By Lane Moore, Contributor
[Caldo Verde; 2018]
Rating: 5.5/10
Key tracks: “This Is My Dinner”, “Candles”, “Chapter 87 of He”
Occasionally, an album leaves me pondering “What the hell was that last hour and 30 minutes?” Sun Kil Moon’s This Is My Dinner is one of those albums. While their earlier efforts, such as Benji, are like a candle flame – emphasizing the fragility of life and its ability to be extinguished in a moment – This Is My Dinner’s style is colloquial to the point of near-nonsense. The instrumentation is jazzy, atmospheric and intriguing, but much of the narrative’s delivery resembles the ramblings of an old man. Maybe this is the product of Mark Kozelek’s “middle-aged lonesome,” or perhaps he just enjoys pursuing tangents about candles and washing socks. Either way, the parallelism and interconnectedness of This Is My Dinner are its key features.

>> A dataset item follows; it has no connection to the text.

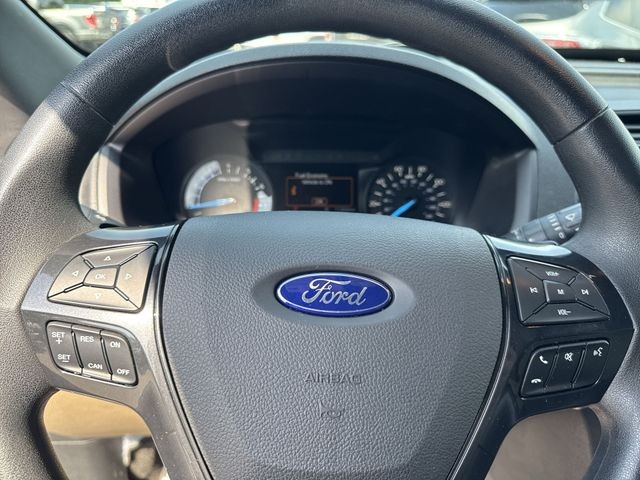 Ford Explorer Vehicle Full-screen Gallery Image 23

Read more: Album Review: Sun Kil Moon – Common as Light and Love Are Red Valleys of Blood
This parallel structure is not blatant disarray. It leaves room for Kozelek’s halfway spoken-word technique, which is the perfect mate for the captivating and simplistic instrumentation behind him. Generally, each song’s main idea can be traced back to Mark Kozelek’s travels through Europe, especially Scandinavia. He repeatedly makes statements such as “The Swedes are smarter and more organized than Americans” (“Candles”) and “I’ve traveled all around the world and Norwegians have the most beautiful eyes” (“This Is My Dinner”).
Yes, these seem like normal thoughts a musician might have while on tour. However, anything that does not relate to traveling on This Is My Dinner is intentional and conversational nonsense. On “Candles”, Kozelek rants about refusing to eat reindeer for an entire two minutes. He also routinely mentions boxing, candles, his favorite songs and a woman coughing, but nothing quite matches the majesty of Kozelek’s dialogue about his socks on “Soap for Joyful Hands”. He is “very sentimental about [his] socks,” and he really wants us to know.

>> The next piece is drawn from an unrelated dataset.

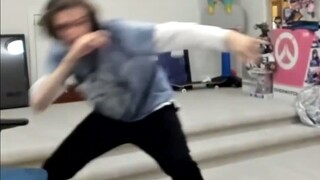 xqc大秀王八螃蟹拳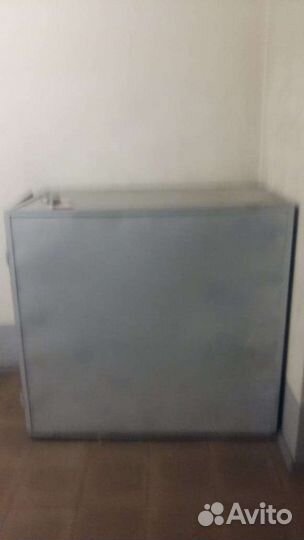 Железный ящик-сейф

These pervasive and out-of-pocket thoughts are meant to bring the concept of touring to life, which is why 50 percent of the content on This Is My Dinner sounds like a fever dream Kozelek experiences on an airplane. On multiple occasions, he references the plane seat he sits in and bluntly explains that many of the lyrics were written while traveling. The boundary between the fever dream and reality becomes so blurry by the time that Kozelek exclaims, “We’re gonna play this song right now! / It’s called Come On Get Happy!” one might not even realize that “Chapter 87 of He”, is literally Mark Kozelek reading chapter 87 of John Connolly’s “he”. This Is My Dinner is certainly a concept record, but the concept is masked by the disorder induced by its own poetic stylings.
This Is My Dinner exists inside of itself, like a time loop with recurring events and themes. There are no clear choruses or bridges – only dense stanzas of detached narratives which repeat endlessly. Each song’s structure is cemented by the rotation between thoughts of traveling and recounted memories and daydreams. There is no in-between or interwoven feeling on this album. There is only the absurd and creative energy of a group who, as usual, wish to bring something new to life. After this hour and a half, only one thing is clear: Mark Kozelek really likes his socks.